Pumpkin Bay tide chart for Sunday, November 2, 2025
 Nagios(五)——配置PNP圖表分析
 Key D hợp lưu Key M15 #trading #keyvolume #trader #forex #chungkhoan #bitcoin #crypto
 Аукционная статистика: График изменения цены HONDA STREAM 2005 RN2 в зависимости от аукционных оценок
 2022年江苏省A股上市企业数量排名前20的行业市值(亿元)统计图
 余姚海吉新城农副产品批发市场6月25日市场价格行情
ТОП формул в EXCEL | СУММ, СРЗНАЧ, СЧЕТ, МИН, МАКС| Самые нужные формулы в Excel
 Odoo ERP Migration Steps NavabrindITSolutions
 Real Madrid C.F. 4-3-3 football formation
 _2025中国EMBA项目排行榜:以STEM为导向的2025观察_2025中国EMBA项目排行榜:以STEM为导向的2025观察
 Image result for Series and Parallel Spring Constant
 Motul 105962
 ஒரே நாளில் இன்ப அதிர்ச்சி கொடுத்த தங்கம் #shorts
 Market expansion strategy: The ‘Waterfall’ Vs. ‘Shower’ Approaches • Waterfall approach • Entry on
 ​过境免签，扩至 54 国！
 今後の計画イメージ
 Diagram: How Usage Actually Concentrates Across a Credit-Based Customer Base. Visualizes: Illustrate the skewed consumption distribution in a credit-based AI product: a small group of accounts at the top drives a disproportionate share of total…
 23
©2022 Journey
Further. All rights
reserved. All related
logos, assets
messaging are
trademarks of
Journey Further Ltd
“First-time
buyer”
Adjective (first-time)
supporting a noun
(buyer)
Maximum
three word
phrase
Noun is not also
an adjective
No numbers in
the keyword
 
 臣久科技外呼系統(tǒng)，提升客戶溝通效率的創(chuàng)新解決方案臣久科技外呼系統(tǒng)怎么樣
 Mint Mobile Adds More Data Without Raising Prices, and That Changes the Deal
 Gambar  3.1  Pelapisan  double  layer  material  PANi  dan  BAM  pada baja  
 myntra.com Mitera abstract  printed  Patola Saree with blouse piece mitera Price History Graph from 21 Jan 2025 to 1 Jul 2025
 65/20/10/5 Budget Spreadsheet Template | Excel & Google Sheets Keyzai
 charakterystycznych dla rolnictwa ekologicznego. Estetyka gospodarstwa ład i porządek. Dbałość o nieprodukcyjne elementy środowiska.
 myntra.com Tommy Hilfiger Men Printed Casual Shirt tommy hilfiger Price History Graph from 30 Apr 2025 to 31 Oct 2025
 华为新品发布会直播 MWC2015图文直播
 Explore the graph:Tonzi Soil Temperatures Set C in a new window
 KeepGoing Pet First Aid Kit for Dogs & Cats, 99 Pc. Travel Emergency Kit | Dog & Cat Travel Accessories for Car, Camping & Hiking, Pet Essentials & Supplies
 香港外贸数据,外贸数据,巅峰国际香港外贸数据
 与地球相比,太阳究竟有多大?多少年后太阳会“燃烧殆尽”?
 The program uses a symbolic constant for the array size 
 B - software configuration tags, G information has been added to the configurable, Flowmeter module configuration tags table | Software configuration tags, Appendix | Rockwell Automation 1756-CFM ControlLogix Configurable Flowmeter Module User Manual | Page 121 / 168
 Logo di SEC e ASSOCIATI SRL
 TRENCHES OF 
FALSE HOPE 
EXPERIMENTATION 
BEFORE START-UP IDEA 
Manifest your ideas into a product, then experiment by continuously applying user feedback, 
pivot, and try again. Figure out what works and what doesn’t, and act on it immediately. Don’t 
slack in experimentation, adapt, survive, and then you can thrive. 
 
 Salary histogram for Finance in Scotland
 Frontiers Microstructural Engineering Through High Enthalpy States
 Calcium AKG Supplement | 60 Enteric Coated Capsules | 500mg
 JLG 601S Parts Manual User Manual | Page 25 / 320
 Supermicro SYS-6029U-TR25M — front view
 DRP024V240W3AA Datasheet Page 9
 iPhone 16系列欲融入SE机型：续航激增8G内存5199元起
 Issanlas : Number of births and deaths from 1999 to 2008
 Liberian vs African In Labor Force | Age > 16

◆ WHAT THE TASK ASKS:
From the records above, give again exactly the lines running from the line with "Key D hợp lưu" to the line with "charakterystycznych dla rolnictwa", inclusive.

◆ REPLY:
 Key D hợp lưu Key M15 #trading #keyvolume #trader #forex #chungkhoan #bitcoin #crypto
 Аукционная статистика: График изменения цены HONDA STREAM 2005 RN2 в зависимости от аукционных оценок
 2022年江苏省A股上市企业数量排名前20的行业市值(亿元)统计图
 余姚海吉新城农副产品批发市场6月25日市场价格行情
ТОП формул в EXCEL | СУММ, СРЗНАЧ, СЧЕТ, МИН, МАКС| Самые нужные формулы в Excel
 Odoo ERP Migration Steps NavabrindITSolutions
 Real Madrid C.F. 4-3-3 football formation
 _2025中国EMBA项目排行榜:以STEM为导向的2025观察_2025中国EMBA项目排行榜:以STEM为导向的2025观察
 Image result for Series and Parallel Spring Constant
 Motul 105962
 ஒரே நாளில் இன்ப அதிர்ச்சி கொடுத்த தங்கம் #shorts
 Market expansion strategy: The ‘Waterfall’ Vs. ‘Shower’ Approaches • Waterfall approach • Entry on
 ​过境免签，扩至 54 国！
 今後の計画イメージ
 Diagram: How Usage Actually Concentrates Across a Credit-Based Customer Base. Visualizes: Illustrate the skewed consumption distribution in a credit-based AI product: a small group of accounts at the top drives a disproportionate share of total…
 23
©2022 Journey
Further. All rights
reserved. All related
logos, assets
messaging are
trademarks of
Journey Further Ltd
“First-time
buyer”
Adjective (first-time)
supporting a noun
(buyer)
Maximum
three word
phrase
Noun is not also
an adjective
No numbers in
the keyword
 
 臣久科技外呼系統(tǒng)，提升客戶溝通效率的創(chuàng)新解決方案臣久科技外呼系統(tǒng)怎么樣
 Mint Mobile Adds More Data Without Raising Prices, and That Changes the Deal
 Gambar  3.1  Pelapisan  double  layer  material  PANi  dan  BAM  pada baja  
 myntra.com Mitera abstract  printed  Patola Saree with blouse piece mitera Price History Graph from 21 Jan 2025 to 1 Jul 2025
 65/20/10/5 Budget Spreadsheet Template | Excel & Google Sheets Keyzai
 charakterystycznych dla rolnictwa ekologicznego. Estetyka gospodarstwa ład i porządek. Dbałość o nieprodukcyjne elementy środowiska.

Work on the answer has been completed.